Última atualização em 23 de julho de 2024 às 17h01.

yt thumbnail

O economista Gustavo Loyola fala com propriedade sobre os bastidores da criação do Plano Real e da realidade econômica brasileira dos anos 80 e início dos anos 90. Loyola foi presidente do Banco Central por duas ocasiões, por alguns meses entre 1992 e 1993, durante o governo do ex-presidente Itamar Franco, e de 1995 a 1997, no governo de Fernando Henrique Cardoso (FHC). Ele testemunhou uma miríade de planos econômicos que falharam em debelar a hiperinflação e garantir a estabilidade monetária. Viu o nascimento, e conduziu, a implementação do real — de uma perspectiva de quem já estava no serviço público. E aponta que o plano funcionou porque foi antecedido por uma série de reformas estruturais — que seguem necessárias para a economia do país hoje.

Em sua avaliação, o plano aprendeu com as experiências fracassadas do passado e teve algumas vantagens, entre elas a articulação política dos governos que o implementaram e um processo claro de comunicação aos brasileiros, o que permitiu que ninguém fosse pego de surpresa sobre as mudanças na moeda.

"O legado do Real é justamente a moeda estável. O fato de o país ter uma moeda estável permite planejar o futuro, seja no âmbito das famílias, seja no âmbito das empresas. Estamos falando de uma moeda que chegou em 1994, há 30 anos. Qual foi o período histórico que o Brasil teve moeda estável durante 30 anos? Talvez na República Velha, talvez no Império, mas desde 1930 para cá, o Brasil não teve", diz.

"A estabilidade da moeda permite planejar o futuro. Hoje você tem um horizonte. Em uma situação de instabilidade monetária, você não tem. Esse é o grande legado do Plano Real, a moeda estável. O Brasil precisa preservar essas conquistas. As reformas são necessárias para garantir que o país continue em um caminho de crescimento sustentável. O futuro do Brasil depende da manutenção da estabilidade monetária e de reformas estruturais que garantam a eficiência do gasto público e um ambiente favorável ao investimento privado."

Reformas

Plano Real tinha entre outras coisas a característica de ser bem comunicado. A comunicação com a sociedade foi muito bem feita. Houve uma explicitação de que não haveria congelamento de ativos, o que evitou uma corrida aos bancos. Além disso, o plano foi introduzido com o mínimo de intervenção sobre contratos privados, o que minimizou a turbulência nas relações econômicas

"O Real não teria tido sucesso se uma série de outras reformas não tivessem sido introduzidas anteriormente. A constituição institucional de um país se dá por etapas, não surge do nada", diz.

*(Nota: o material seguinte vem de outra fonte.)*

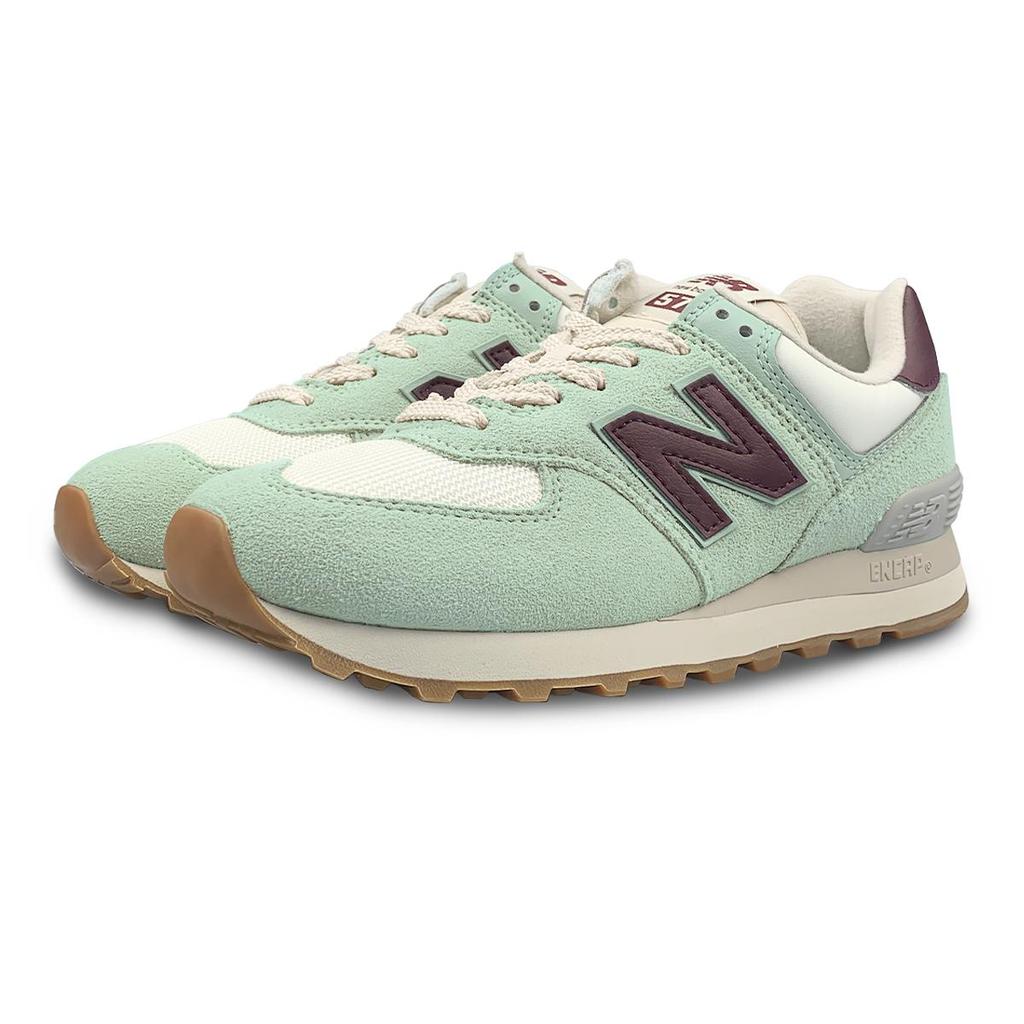 New Balance NB 574 Abrasion Resistant Low Top Running Shoes Women's Green Brown WL574RCF(Team652-NB)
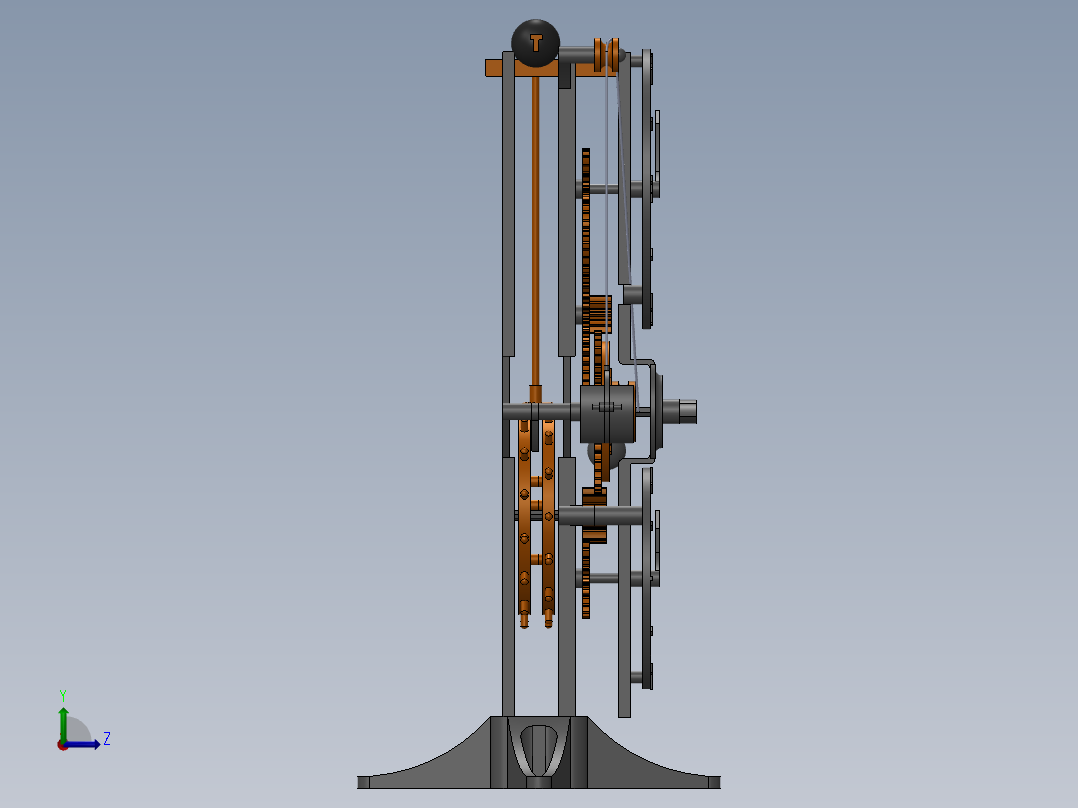 钟表、表(14)左视图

Em 1994, o Brasil em em 1994 tinha uma economia muito mais aberta do que no final dos anos 80, quando aconteceram os demais planos, sobretudo por causa das reformas feitas no governo de Fernando Collor (1990 a 1992). "Uma característica desses planos econômicos é que quando a inflação cai, há aumento abrupto da demanda, porque as pessoas têm o poder aquisitivo aumentado. Aí, você tem um problema de como ter a oferta. Se não houver, a inflação volta porque há um excesso de demanda", diz. "Com a economia fechada, você não tinha como aumentar a oferta."

Para Loyola, outro aspecto também foi a experiência negativa dos planos anteriores. "Várias lições foram aprendidas, e isso ajudou bastante", diz. "Do ponto de vista político, com o impeachment do Collor e a presidência do do Itamar acabou se conseguindo se formar uma certa base de apoio no Congresso que ajudou a fazer algumas algumas mudanças importantes pré-Plano Real, principalmente na parte fiscal."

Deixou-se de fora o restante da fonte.